Portland would get a single by Dustin Lawley in the top of the 14th, but was quickly erased on a double play. As the second seventh inning stretch commenced, a pitching change was being made on the field. An historic game would become even more memorable as infielder Oscar Tejeda took the mound for the Sea Dogs. Tejeda would get the first man he faced to ground out before hitting the next batter. A fly out would put a second out on the board, but the Rock Cats would load the bases with a double to left and another hit by pitch, leading to Valaika who had reached in his last four plate appearances. Surely this would be the walk-off win the crowd had been waiting for. It was not to be. Tejeda improbably did what pitchers Danny Rosenbaum, Mike Augliera, Williams Jerez and Heri Quevedo could not do, he struck out Pat Valaika.
The Portland offense was able to eek out a single in the 15th, but no runs. Tejeda started his second inning of relief by giving up a single to Mike Tauchman. New Britain would go back to their toolbox for their favorite play, the sacrifice bunt, but this time the gambit failed as Tejeda was able to force Tauchman out with the Sea Dogs nearly pulling off the double play. Jordan Patterson would once again have the chance to end the game. And on the 20th pitch by Tejeda, the fairy tale ending was completed. Patterson drove the ball to deep left and the ball sailed out of the park, a walk-off home run. The Rock Cats win.

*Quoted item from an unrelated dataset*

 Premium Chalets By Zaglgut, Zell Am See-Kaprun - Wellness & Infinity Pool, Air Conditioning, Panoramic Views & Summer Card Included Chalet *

The Rock Cats have another week of baseball to play until they officially become the Yard Goats. But they are no longer New Britain’s team. They are just the Rock Cats as they end the season with games in Trenton, New Jersey and Portland, Maine. The three decade ride of baseball in New Britain has come to a close. But, what a legendary way to end. 15 innings of glorious baseball, a former MVP rehabbing, future MLB stars hitting home runs, two critical outs at the plate, an infielder pitching and, of course, a walk-off homerun. An entire history of baseball in New Britain distilled into one legendary final game.